WORK TASK = As you work through the listing below, copy each line exactly and drop the images.

** Opening AVAILABLE DATA block **

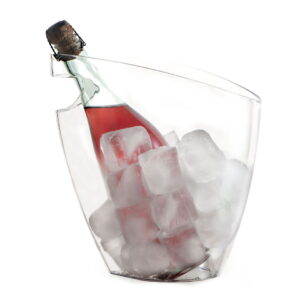 Vinkøler 3l Gennemsigtig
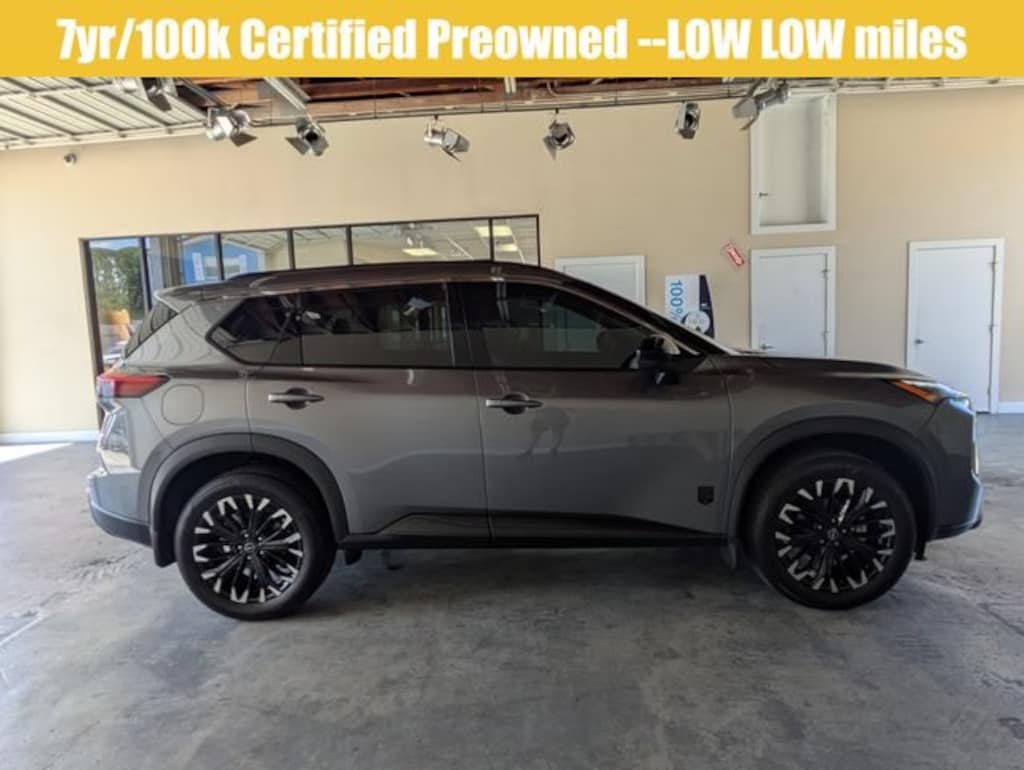 Used 2026 Nissan Rogue Dark Armor 2026.5 FWD Dark Armor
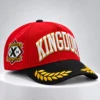 kc chiefs kingdom 2024 reigning champs hat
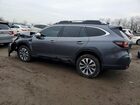 2025 Subaru Outback Touring Gray vin: 4S4BTAPC1S3140450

** Closing AVAILABLE DATA block **

WRITTEN RESPONSE =
 Vinkøler 3l Gennemsigtig
 Used 2026 Nissan Rogue Dark Armor 2026.5 FWD Dark Armor
 kc chiefs kingdom 2024 reigning champs hat
 2025 Subaru Outback Touring Gray vin: 4S4BTAPC1S3140450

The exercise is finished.